Aim of the task: Leave the pictures out. Retype exactly the lines below from the one containing "Volvo V60 2,0" through the one containing "Used 2022 Nissan", and no others.

Supplied records:
┌──
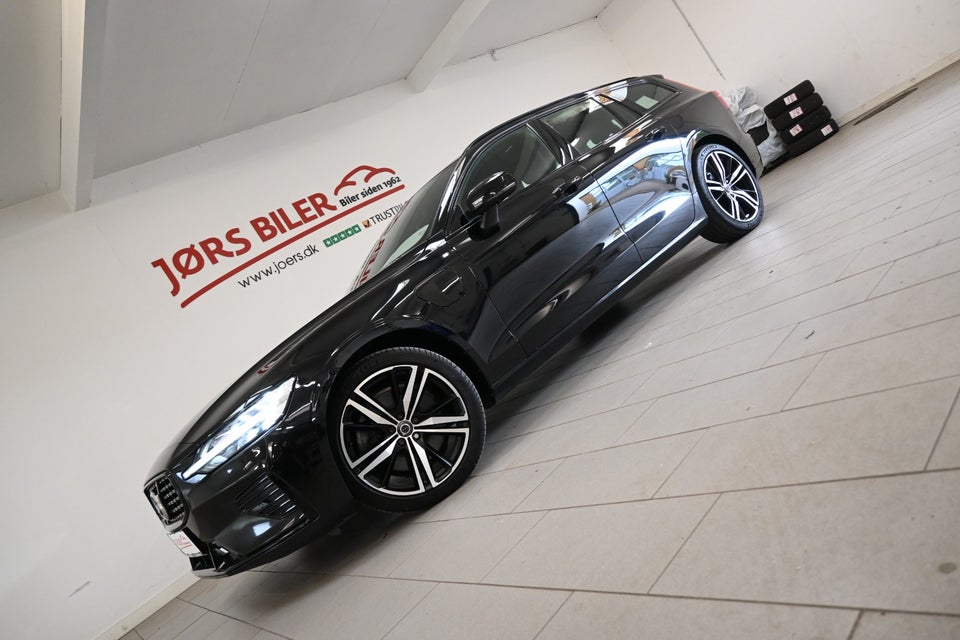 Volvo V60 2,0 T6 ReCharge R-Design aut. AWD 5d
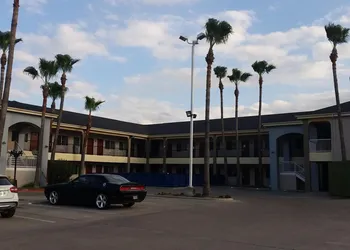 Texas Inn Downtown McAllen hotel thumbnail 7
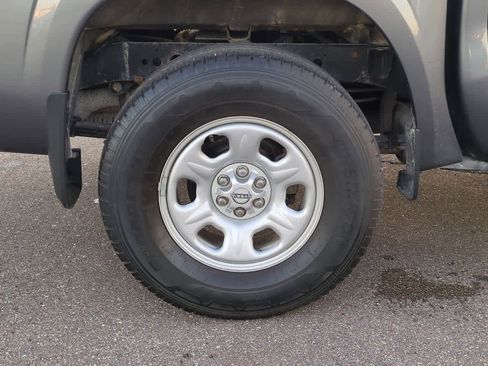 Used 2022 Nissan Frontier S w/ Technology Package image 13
└──
┌──
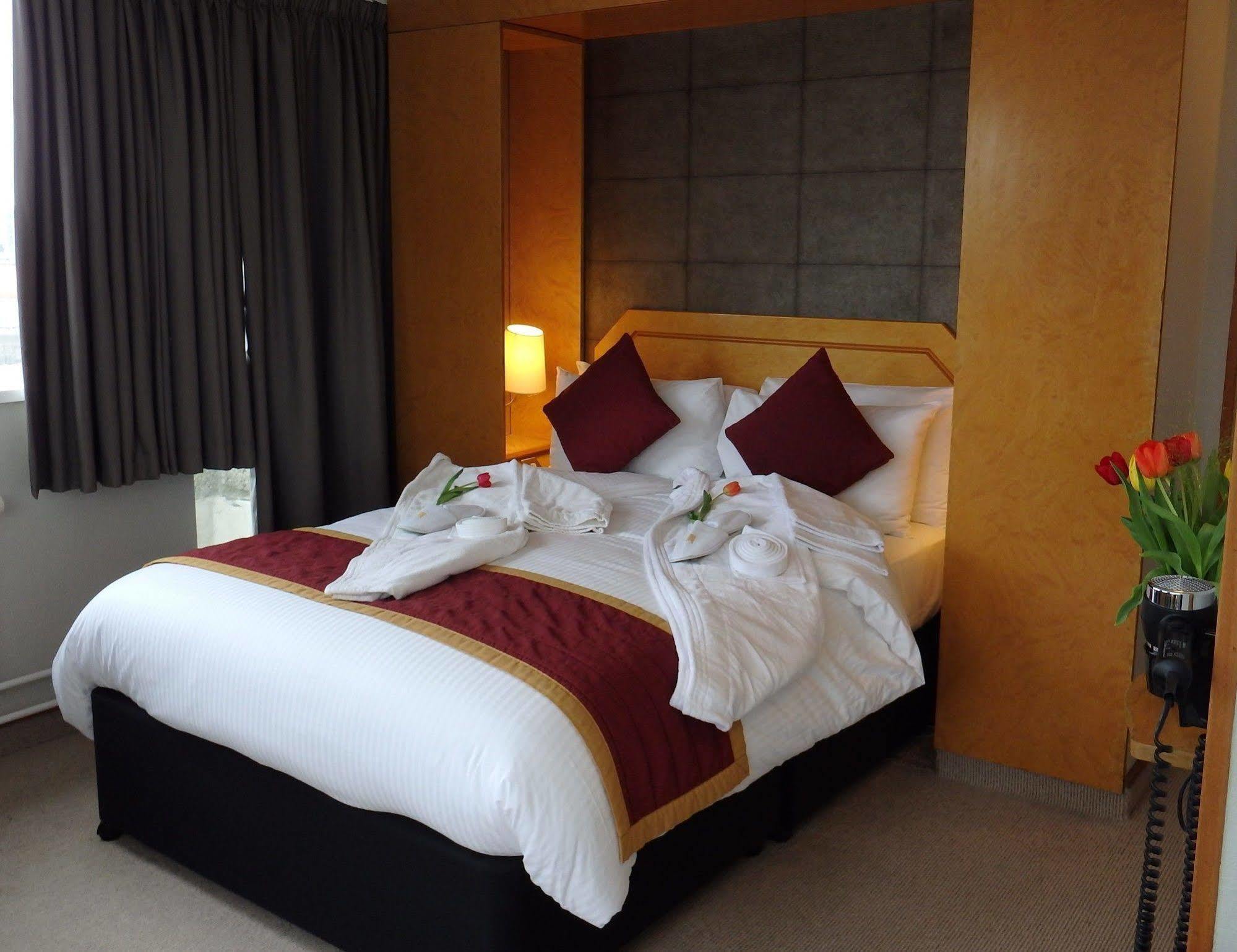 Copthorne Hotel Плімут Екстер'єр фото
└──
┌──
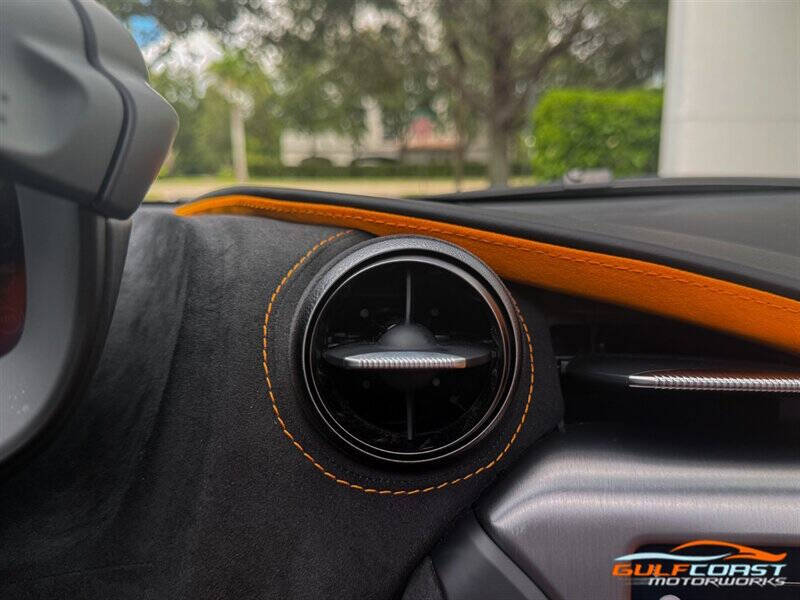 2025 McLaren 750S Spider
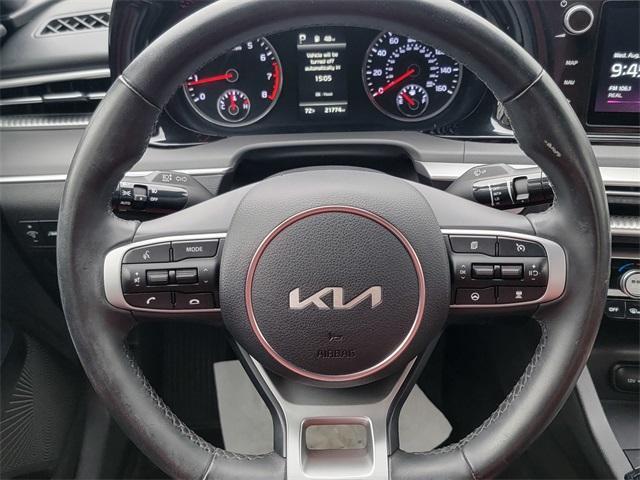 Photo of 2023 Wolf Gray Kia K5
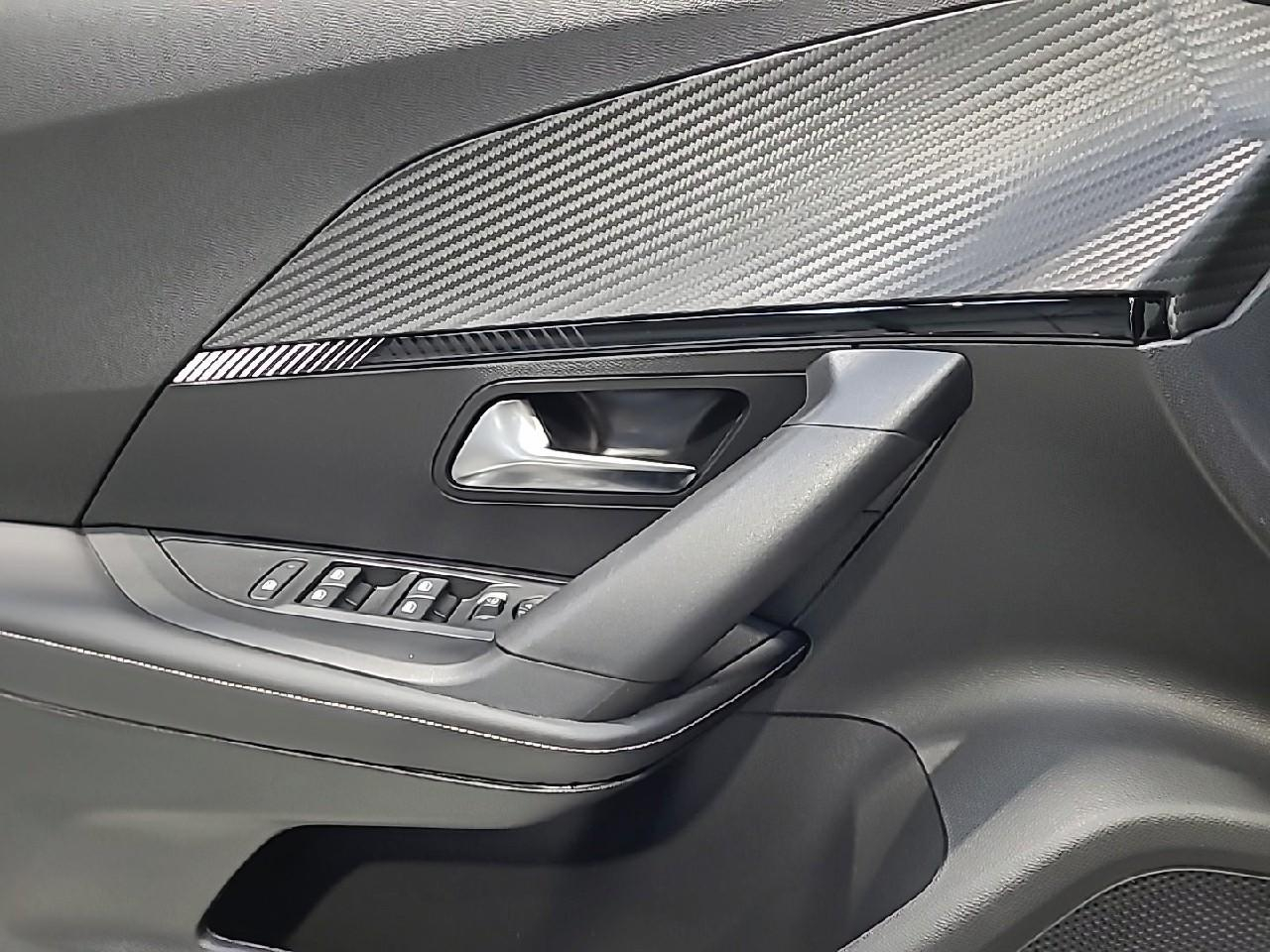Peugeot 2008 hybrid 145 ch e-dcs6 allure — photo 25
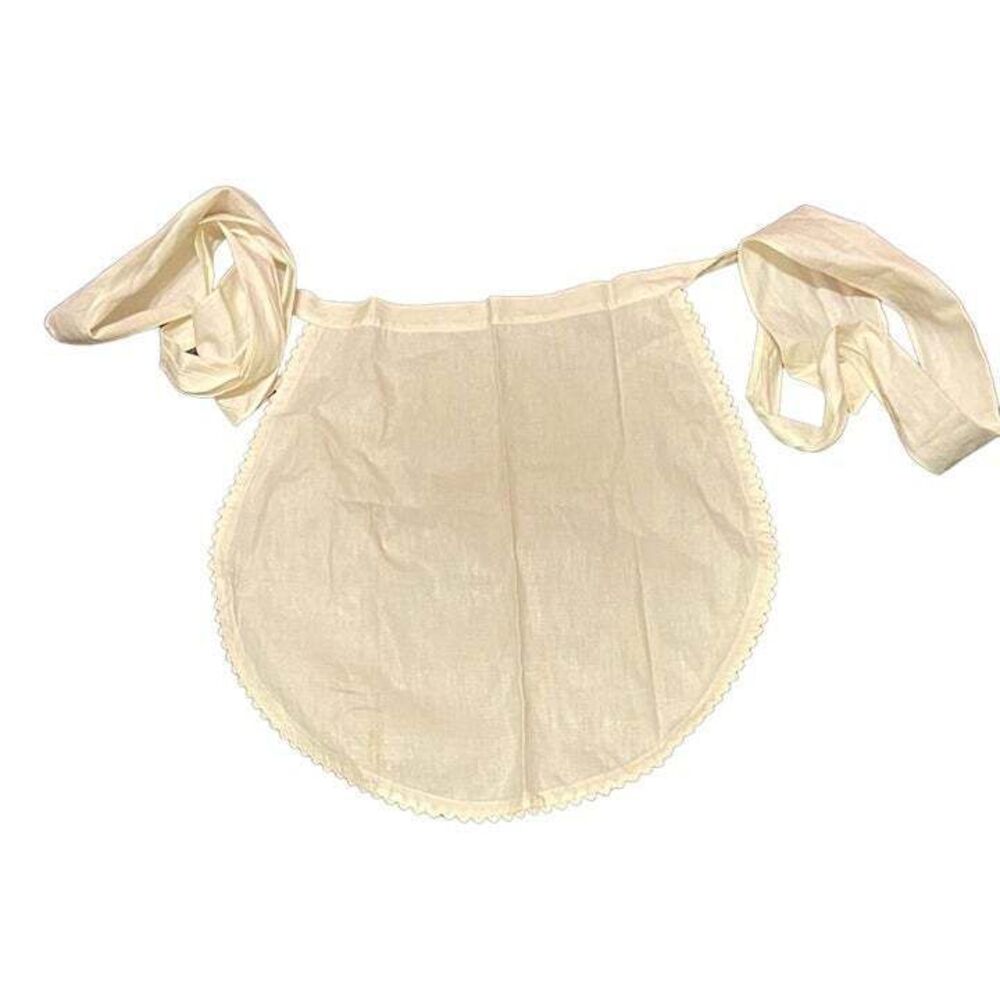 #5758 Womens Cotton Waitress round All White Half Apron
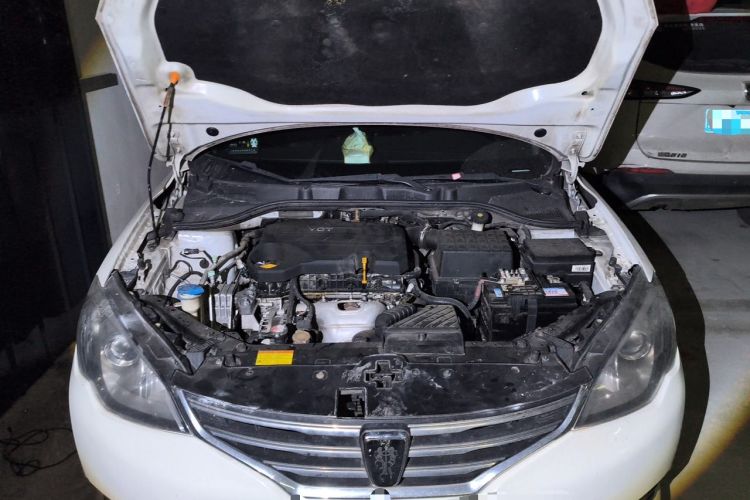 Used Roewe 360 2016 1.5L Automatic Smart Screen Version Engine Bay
└──
Answer for this exercise:
 Volvo V60 2,0 T6 ReCharge R-Design aut. AWD 5d
 Texas Inn Downtown McAllen hotel thumbnail 7
 Used 2022 Nissan Frontier S w/ Technology Package image 13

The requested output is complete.